Evaluating isoprenol production using the IPP-bypass pathway in the oleaginous yeast Rhodosporidium toruloides.
Garcia Valentina E VE, Geiselman Gina M GM, Hwang Hee Jin HJ, Chen Yan Y et al.
To strengthen the national energy supply, there is an increasing demand for domestically generated aviation fuels. Bio-derived advanced aviation fuels offer the opportunity to meet this domestic need while presenting a unique opportunity to investigate the production of novel aviation fuels. Isoprenol, a chemical precursor to such novel fuels, has been shown to be a biologically producible compound in model organisms, but its bio-producibility needs to be further explored in organisms more compatible with industrial bioproduction. In this work, we evaluate isoprenol production using the promising bioproduction yeast, Rhodosporidium toruloides. First, we show successful isoprenol production using the IPP-bypass pathways most successful in laboratory strains of E. coli and S. cerevisiae. Next, we demonstrate that increased flux through the mevalonate pathway only modestly increases isoprenol titers.
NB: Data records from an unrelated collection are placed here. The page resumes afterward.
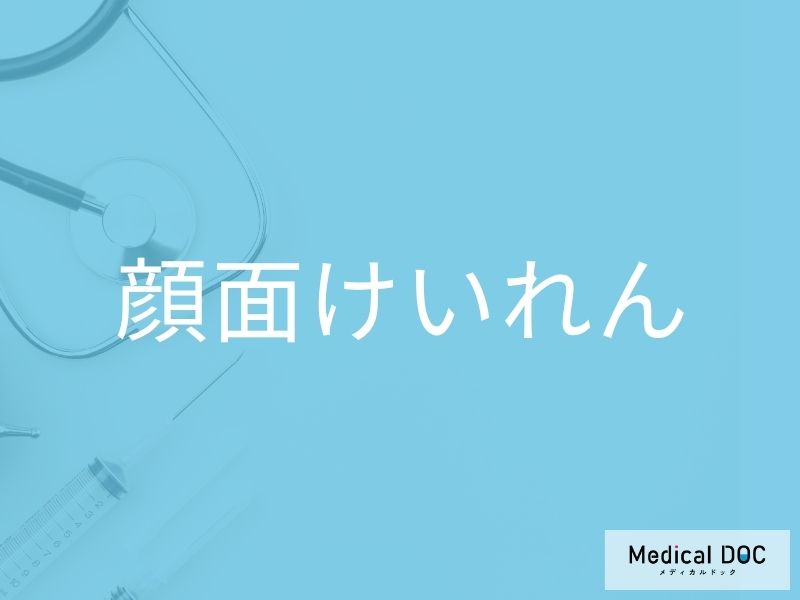 顔面けいれん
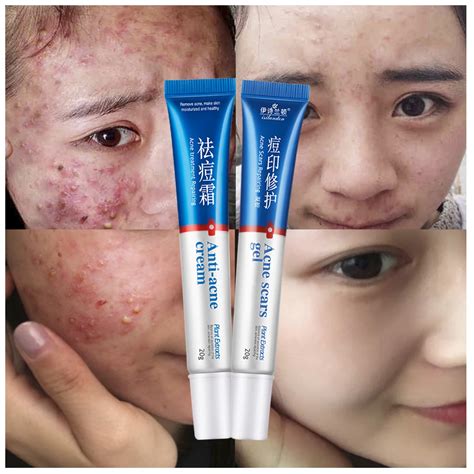 Isilandon Face Care Clear Vanishing Acne Treatment Creamacne Scars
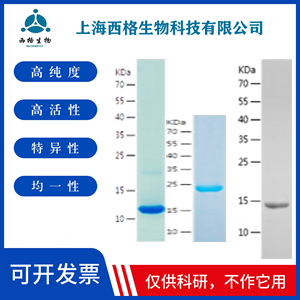 Recombinant Human AMPK alpha 1
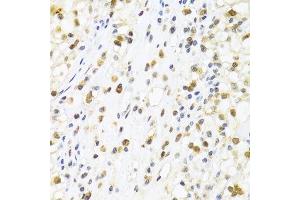 Immunohistochemistry of paraffin-embedded human kidney cancer using SUMO4 Antibody. (SUMO4 Antikörper)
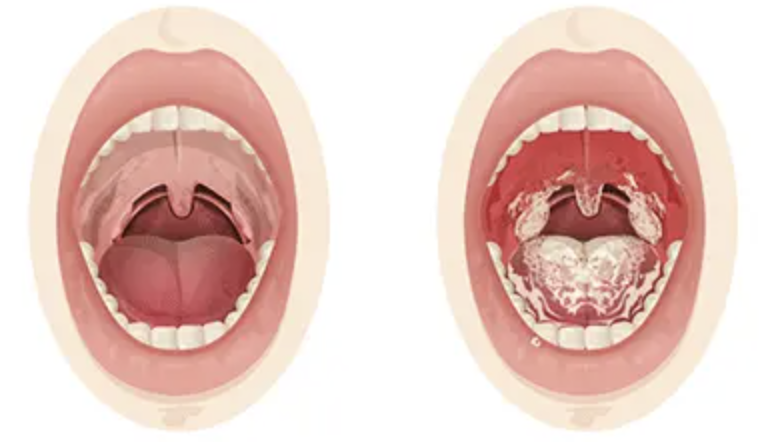 <ul><li><p>this disease is also called <em>oral candidiasis</em>, so it's a <em>FUNGAL</em> disease. </p></li><li><p>caused by the <strong>yeast strain Candida albicans</strong>.</p></li></ul><p></p>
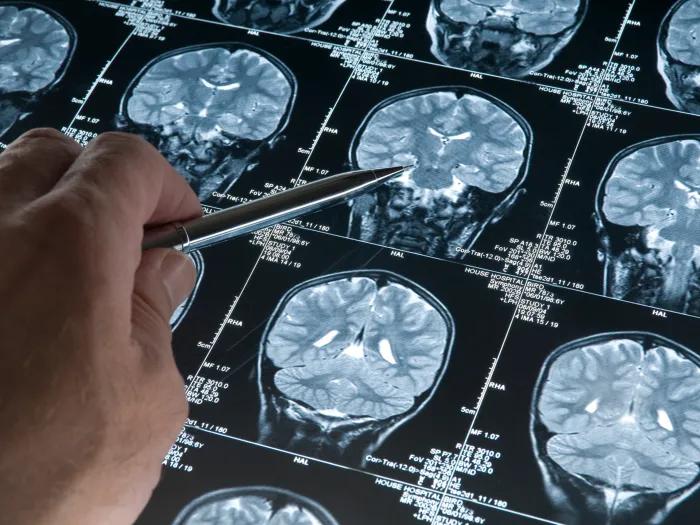 xray brain images on repeat and person pointing with pointer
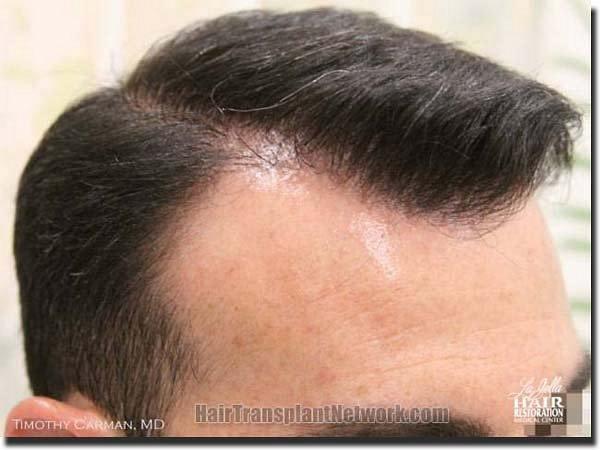 Hair restoration procedure results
Using proteomics, we identified a potential bottleneck in production at the final step in the IPP-bypass pathway and explored alternative enzymes for this step. Finally, the top three strains of R. toruloides were evaluated in sorghum hydrolysates generated using cholinium lysinate. Through this work, 93.1 mg/L of isoprenol was produced in mock medium and 27.3 mg/L in sorghum hydrolysates. Together these results lay the foundation for future work for the production of isoprenol from bioproduction crops.